James would also do well to continue his downward trend in three-point attempts over the last two seasons. He doesn't need to take as many as the 5.6 shots per game he took from the 16-23 feet range last season, either.
He's too deadly from inside the painted area not to create more of those opportunities.
James Jones should only shoot three-pointers this season.
He shot better than 40 percent from three in each of his last three seasons in Miami. Meanwhile, Jones shot only 38 percent on two-point attempts.
There's no reason for Jones to be taking any two-point field goals this season. He makes Miami better when he's able to stretch the floor and space defenses with his ability to connect from long range.
This isn't a revelation.
It's also the only thing Jones needs to do this to most help Miami off the bench.
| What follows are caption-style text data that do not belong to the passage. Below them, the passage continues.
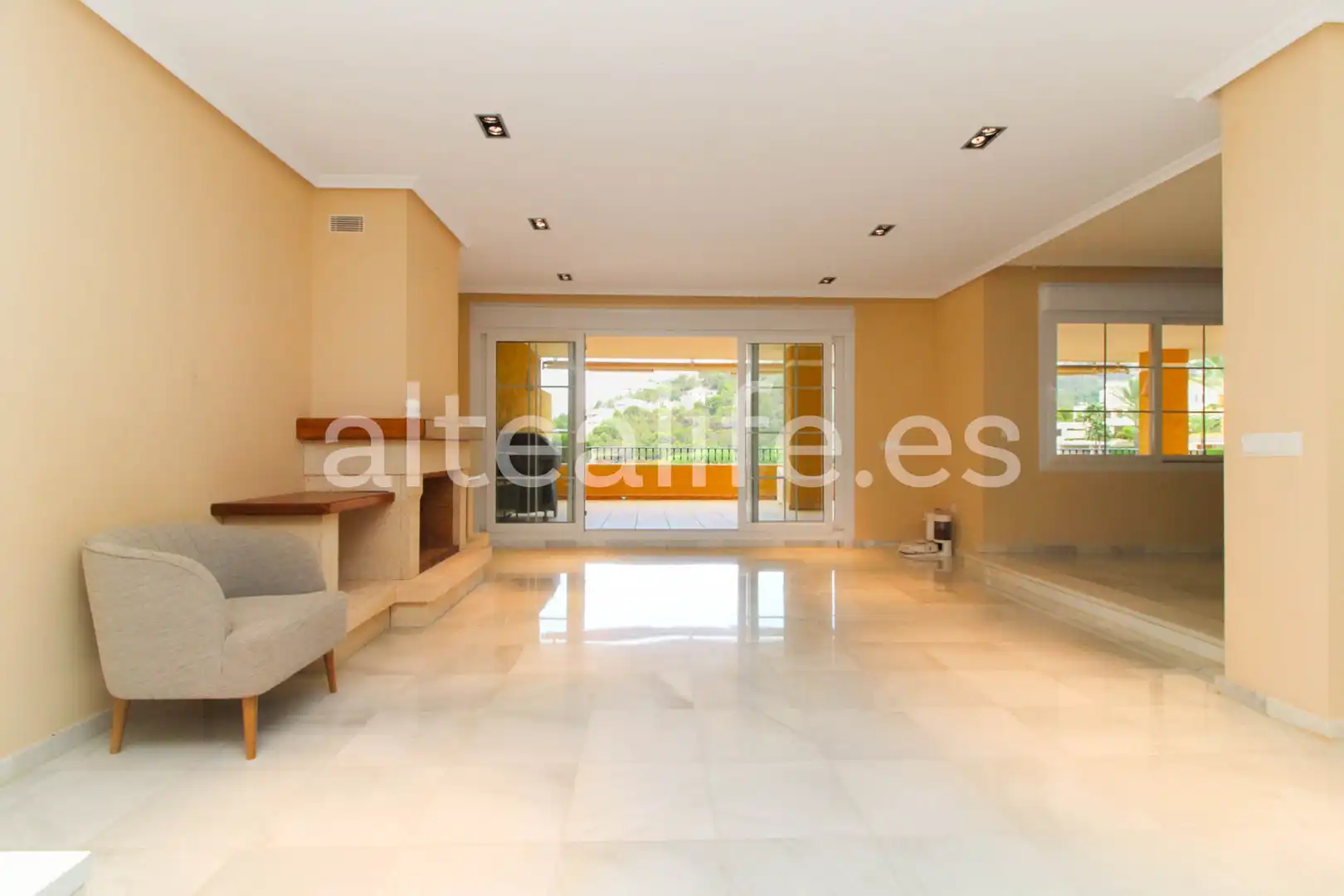 Sala de estar de Apartamento en venta en Altea con Aire acondicionado, Calefacción y Jardín privado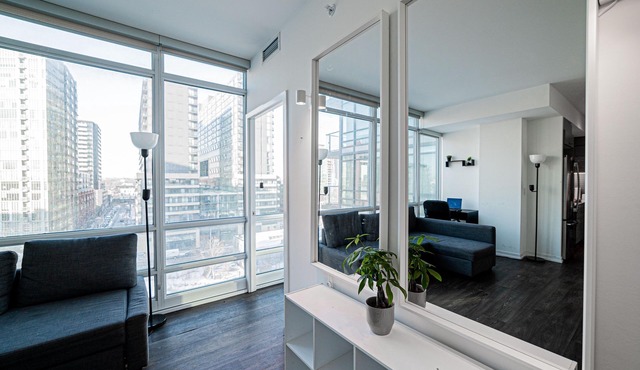 Lovely 2 bed 2 bath condo (CN Tower view) +parking
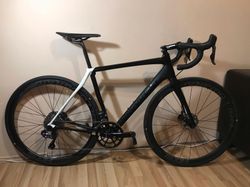 CANNONDALE SYNAPSE HI-MOD BLACK INC. DISC DI2
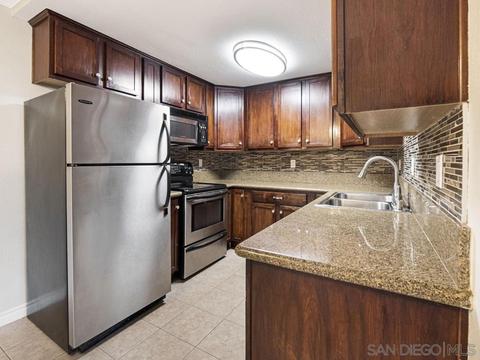 12745 Robison #10, Poway, CA 92064 photo 3
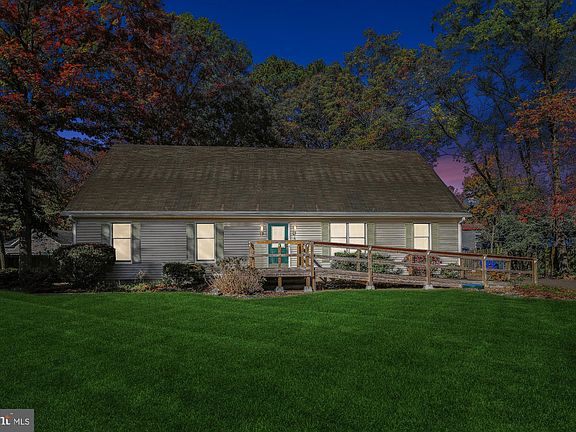 4th image of 34037 Shawnee Dr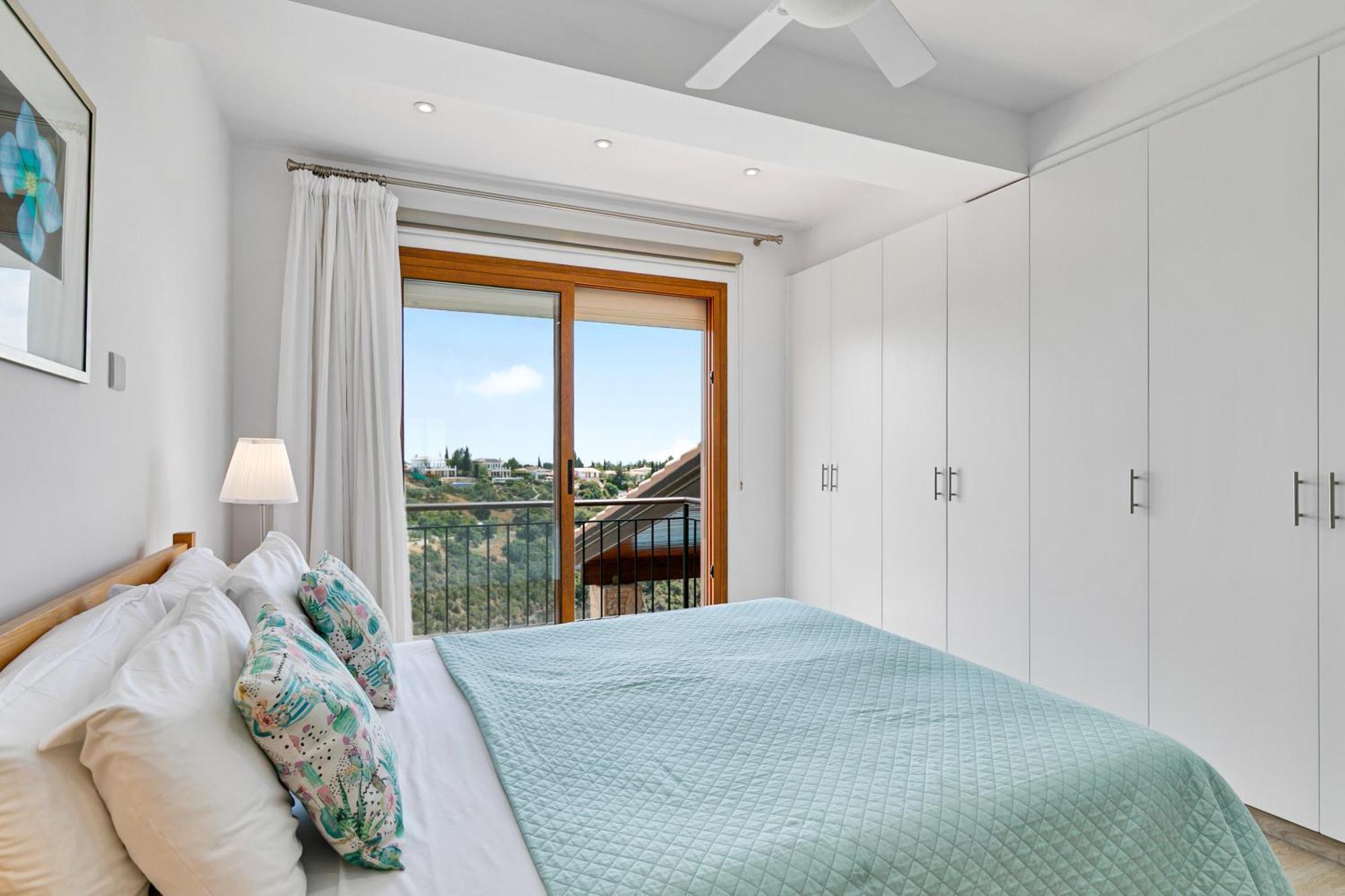 4 Bedroom Helidoni With Private Infinity Pool, Aphrodite Hills Kouklia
Is it too much to ask Rashard Lewis to become the player he was in 2007 when he averaged more than 20 points per game for the third straight season?
Yes, it is.
Okay, well how about Lewis figures out a way to keep himself healthy for 85 percent of this season. That alone would make his acquisition this summer worthwhile for the Heat.
Regardless of his statistical production over the last handful of years, Lewis is still a career 16-point, five-rebound per game guy. To a certain extent, defenses have to respect him on reputation alone.
He's also almost shot 40 percent from three-point range in his 14 NBA seasons. That's a big number as well.
If Lewis can play 70 games, he has the potential to be the Heat's most valuable role player.
Mike Miller needs to do better than 40 percent from the free-throw line this season.
I kid, he only shot five last year, so it's not that important.
Like Ray Allen and James Jones, though, Miller needs to adjust his game to focus even more on his ability to shoot the three-pointer.
Miller shot it at better than a 45 percent clip last season in 19 minutes per night, which was solid production for the 39 games he was healthy enough to play. That's pretty much what the Heat need from him again.
He doesn't need to do anything else.
Defend the basket, young man. That's how you'll see the floor and help this team.
Dexter Pittman has six fouls per game and he needs to use every one of those, even if he only plays nine minutes per game this season like he did last year.
Miami doesn't need Pittman to score. At all. But he adds value when he's able to bang around with the opposing big men, grab a couple rebounds and make people work offensively.
Don't be worried about fouling out, Dexter.
Just make sure you're all the way healthy before you come back, Dwyane Wade.
Then be Dwyane Wade.
Assuming LeBron James spends more time in the lane this season, the perimeter should open up more for Wade to attack the basket.
As a result, he should become more comfortable than he was offensively last season, especially if he's healthy.
Wade can return to being a top-5 NBA player if he's healthy enough.
He wasn't anywhere near that level last season and the Heat still won an NBA title. But he is not done yet, not by a long shot.
The only other thing I'd suggest is that maybe he tell coach Eric Spoelstra that those glasses don't work for him as well as they do for everybody else.